(WHAT YOU WILL DO) Could the entries below be reproduced exactly, with the images removed?

(DATA)

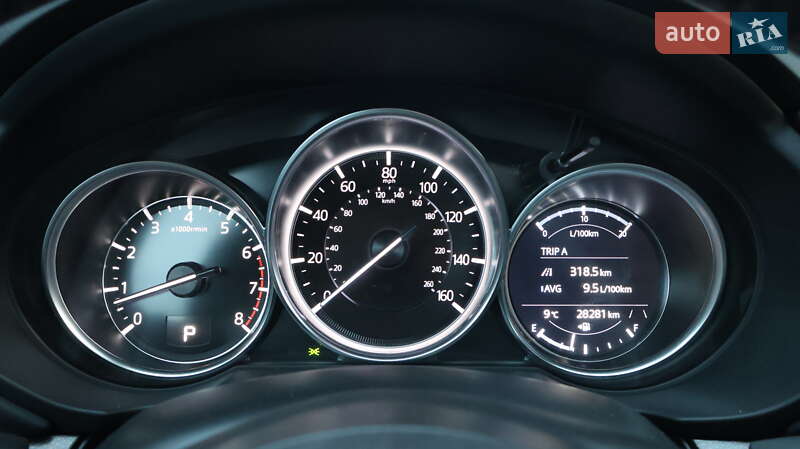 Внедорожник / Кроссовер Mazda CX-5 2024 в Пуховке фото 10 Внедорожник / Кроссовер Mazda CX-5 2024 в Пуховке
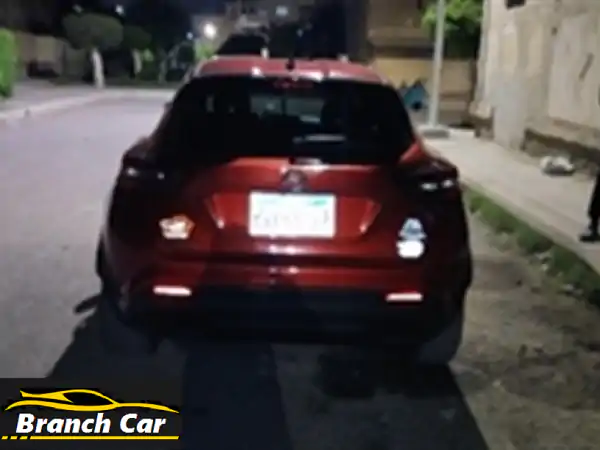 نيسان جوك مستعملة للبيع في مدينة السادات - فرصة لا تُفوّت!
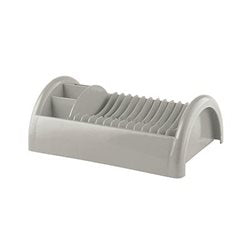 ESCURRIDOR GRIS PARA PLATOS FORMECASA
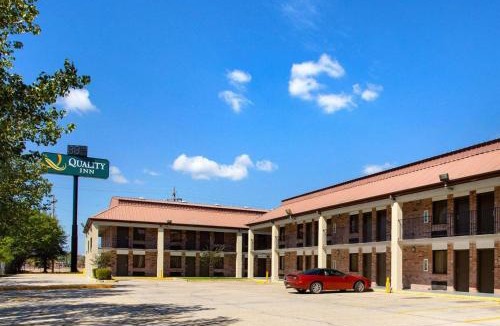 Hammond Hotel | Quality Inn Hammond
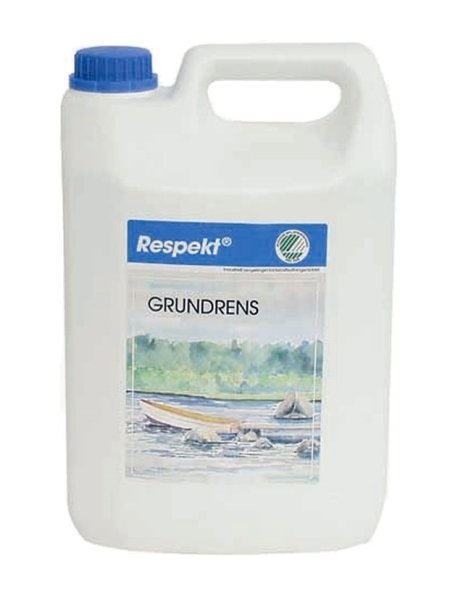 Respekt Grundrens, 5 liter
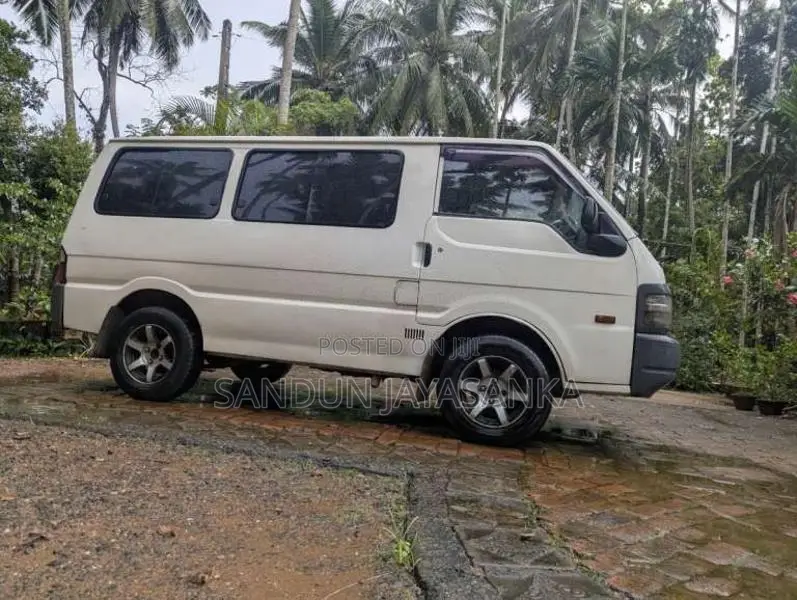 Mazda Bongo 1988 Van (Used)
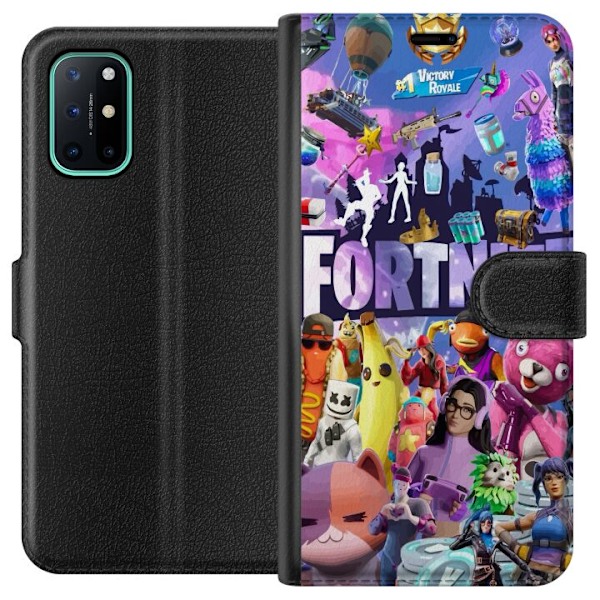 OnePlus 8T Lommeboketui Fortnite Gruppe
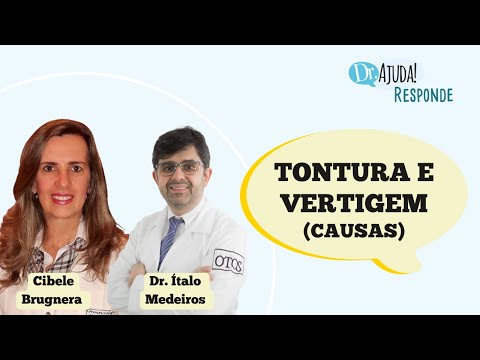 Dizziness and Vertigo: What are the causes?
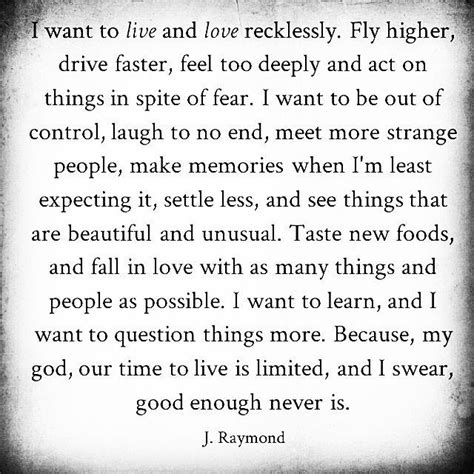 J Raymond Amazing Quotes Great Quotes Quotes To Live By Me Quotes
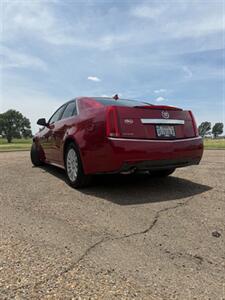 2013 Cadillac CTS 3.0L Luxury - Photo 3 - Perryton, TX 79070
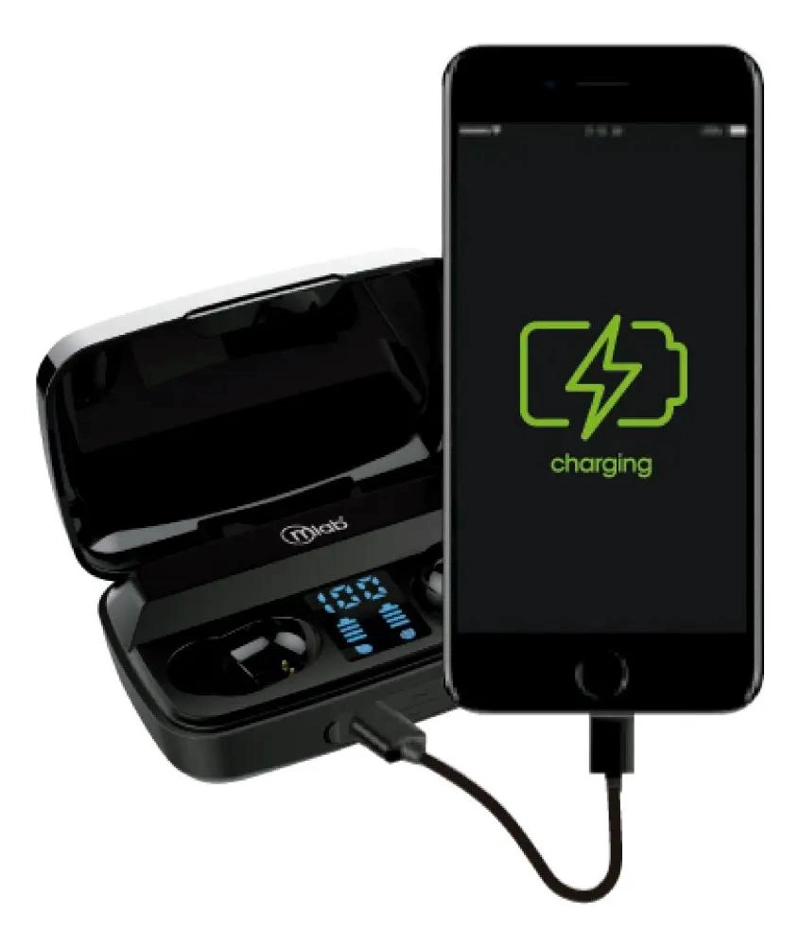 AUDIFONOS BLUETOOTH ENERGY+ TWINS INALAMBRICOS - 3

(RESPONSE TO THIS TASK)
 Внедорожник / Кроссовер Mazda CX-5 2024 в Пуховке фото 10 Внедорожник / Кроссовер Mazda CX-5 2024 в Пуховке
 نيسان جوك مستعملة للبيع في مدينة السادات - فرصة لا تُفوّت!
 ESCURRIDOR GRIS PARA PLATOS FORMECASA
 Hammond Hotel | Quality Inn Hammond
 Respekt Grundrens, 5 liter
 Mazda Bongo 1988 Van (Used)
 OnePlus 8T Lommeboketui Fortnite Gruppe
 Dizziness and Vertigo: What are the causes?
 J Raymond Amazing Quotes Great Quotes Quotes To Live By Me Quotes
 2013 Cadillac CTS 3.0L Luxury - Photo 3 - Perryton, TX 79070
 AUDIFONOS BLUETOOTH ENERGY+ TWINS INALAMBRICOS - 3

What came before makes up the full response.